R&A call for ‘common ground’ on golf’s distance debate

Rory McIlroy has been among those to speak out in favour of rolling back equipment

Rory McIlroy plays his shot from the second tee during the final round of the World Golf Championships Mexico Championship at Club de Golf Chapultepec. Photo: Cliff Hawkins/Getty Images

Rory McIlroy plays his shot from the second tee during the final round of the World Golf Championships Mexico Championship at Club de Golf Chapultepec. Photo: Cliff Hawkins/Getty Images

 

R&A chief executive Martin Slumbers is confident “common ground” can be reached on all sides of golf’s distance debate.

Advances in fitness and golf equipment technology have seen players hit the ball further and further, leading to courses being lengthened in an effort to continue to test the world’s best.

Golf’s governing bodies announced earlier this month that they intend to break the “ever-increasing cycle of hitting distance”, but admit it could take years before solutions are found.

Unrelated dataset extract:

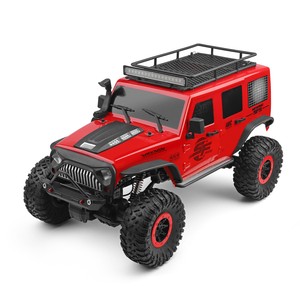wltoys remote control car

The USGA and R&A will assess the potential of a local rule which would allow tournament committees to “specify use of clubs and/or balls intended to result in shorter hitting distances,” a move welcomed by world number one Rory McIlroy.

However, David Maher, the chief executive of leading equipment company Acushnet, believes the conclusions of the distance report “undervalue the skill and athleticism” of players and that current equipment regulations have been “effective in setting upper limits” on performance.

“We need people to express their views and have a meaningful dialogue. I will be seeing David (Maher) in due course,” Slumbers said. “Not everyone is on the same side and that’s fine.

“We have a very clear protocol of how to deal with the industry. We will follow that I am sure we will get this right together and sort out what we think will be the right solution.

“We will find common ground going forward.”

Speaking ahead of the recent Genesis Invitational, McIlroy said he would be happy to accept further limitations on equipment at the elite level of the game.

“If they want to try to contain what we do, as touring professionals, I’m all for that,” McIlroy said. “Selfishly I think that’s only a good thing for the better players.”

Asked about McIlroy’s comments, Slumbers added: “It does not surprise me. Rory is a very thoughtful person who understands the history of the game.

“He understands the point about the balance of skill and technology. Rory will back himself to still be world number one.”